[Data items]
>>>

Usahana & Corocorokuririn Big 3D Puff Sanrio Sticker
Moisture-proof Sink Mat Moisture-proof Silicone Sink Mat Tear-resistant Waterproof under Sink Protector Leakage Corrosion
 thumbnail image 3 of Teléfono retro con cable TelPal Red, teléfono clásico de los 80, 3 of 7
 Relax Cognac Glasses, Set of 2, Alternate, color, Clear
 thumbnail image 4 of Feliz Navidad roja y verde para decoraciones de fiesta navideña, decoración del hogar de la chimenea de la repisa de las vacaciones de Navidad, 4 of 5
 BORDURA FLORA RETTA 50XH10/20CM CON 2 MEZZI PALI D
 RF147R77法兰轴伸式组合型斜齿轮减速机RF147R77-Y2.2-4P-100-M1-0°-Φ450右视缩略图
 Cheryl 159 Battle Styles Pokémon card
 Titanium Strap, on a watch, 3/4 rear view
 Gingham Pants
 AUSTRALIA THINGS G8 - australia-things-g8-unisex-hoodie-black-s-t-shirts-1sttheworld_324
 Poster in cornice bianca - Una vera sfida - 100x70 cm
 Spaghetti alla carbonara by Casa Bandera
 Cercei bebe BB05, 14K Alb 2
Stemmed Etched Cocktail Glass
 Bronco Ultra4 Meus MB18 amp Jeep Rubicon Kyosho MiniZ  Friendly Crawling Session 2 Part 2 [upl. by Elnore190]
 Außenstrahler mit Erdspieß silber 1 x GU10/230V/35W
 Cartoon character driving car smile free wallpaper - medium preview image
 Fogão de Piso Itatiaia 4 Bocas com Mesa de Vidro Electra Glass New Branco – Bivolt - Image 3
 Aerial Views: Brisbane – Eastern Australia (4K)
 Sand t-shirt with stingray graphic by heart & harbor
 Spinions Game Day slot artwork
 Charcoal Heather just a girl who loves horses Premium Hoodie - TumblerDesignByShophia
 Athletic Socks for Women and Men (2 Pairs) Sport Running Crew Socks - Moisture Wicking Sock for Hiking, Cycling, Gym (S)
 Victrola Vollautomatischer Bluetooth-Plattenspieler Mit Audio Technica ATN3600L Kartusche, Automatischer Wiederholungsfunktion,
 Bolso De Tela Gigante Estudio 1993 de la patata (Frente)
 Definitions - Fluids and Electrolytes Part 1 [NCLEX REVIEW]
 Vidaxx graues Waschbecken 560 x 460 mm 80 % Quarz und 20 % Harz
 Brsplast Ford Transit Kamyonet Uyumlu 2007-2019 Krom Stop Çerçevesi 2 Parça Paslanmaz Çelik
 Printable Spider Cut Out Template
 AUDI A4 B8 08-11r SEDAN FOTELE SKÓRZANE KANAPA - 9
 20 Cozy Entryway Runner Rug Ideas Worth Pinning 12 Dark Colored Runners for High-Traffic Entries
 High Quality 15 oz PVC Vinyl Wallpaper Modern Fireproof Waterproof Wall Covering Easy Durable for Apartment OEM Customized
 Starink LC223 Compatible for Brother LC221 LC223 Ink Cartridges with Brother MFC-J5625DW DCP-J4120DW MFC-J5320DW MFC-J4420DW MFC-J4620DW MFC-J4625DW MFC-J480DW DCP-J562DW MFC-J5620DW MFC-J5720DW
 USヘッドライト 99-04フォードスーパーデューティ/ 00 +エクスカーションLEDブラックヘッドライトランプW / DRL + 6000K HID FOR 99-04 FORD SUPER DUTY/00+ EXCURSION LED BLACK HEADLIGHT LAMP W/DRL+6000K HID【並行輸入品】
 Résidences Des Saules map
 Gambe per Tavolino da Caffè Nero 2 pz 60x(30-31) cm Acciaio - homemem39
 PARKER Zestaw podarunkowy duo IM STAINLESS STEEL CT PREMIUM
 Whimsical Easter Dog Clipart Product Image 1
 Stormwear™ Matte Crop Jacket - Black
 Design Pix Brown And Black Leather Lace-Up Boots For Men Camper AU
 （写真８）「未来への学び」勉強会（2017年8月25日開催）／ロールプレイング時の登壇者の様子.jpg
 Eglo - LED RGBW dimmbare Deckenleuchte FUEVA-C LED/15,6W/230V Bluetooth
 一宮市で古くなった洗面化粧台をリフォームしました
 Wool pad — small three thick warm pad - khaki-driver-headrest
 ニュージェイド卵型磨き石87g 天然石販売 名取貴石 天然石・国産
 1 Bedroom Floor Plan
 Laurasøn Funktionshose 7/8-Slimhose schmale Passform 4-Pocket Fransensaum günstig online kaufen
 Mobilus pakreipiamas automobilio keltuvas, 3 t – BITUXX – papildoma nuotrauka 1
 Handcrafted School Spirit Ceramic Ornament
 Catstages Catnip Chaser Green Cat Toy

<<<

THE PROBLEM
Nothing should appear in the answer except the lines above from the line with "AUSTRALIA THINGS G8" through the line with "Außenstrahler mit Erdspieß", both included, written out exactly.

RESULT OF THE TASK
 AUSTRALIA THINGS G8 - australia-things-g8-unisex-hoodie-black-s-t-shirts-1sttheworld_324
 Poster in cornice bianca - Una vera sfida - 100x70 cm
 Spaghetti alla carbonara by Casa Bandera
 Cercei bebe BB05, 14K Alb 2
Stemmed Etched Cocktail Glass
 Bronco Ultra4 Meus MB18 amp Jeep Rubicon Kyosho MiniZ  Friendly Crawling Session 2 Part 2 [upl. by Elnore190]
 Außenstrahler mit Erdspieß silber 1 x GU10/230V/35W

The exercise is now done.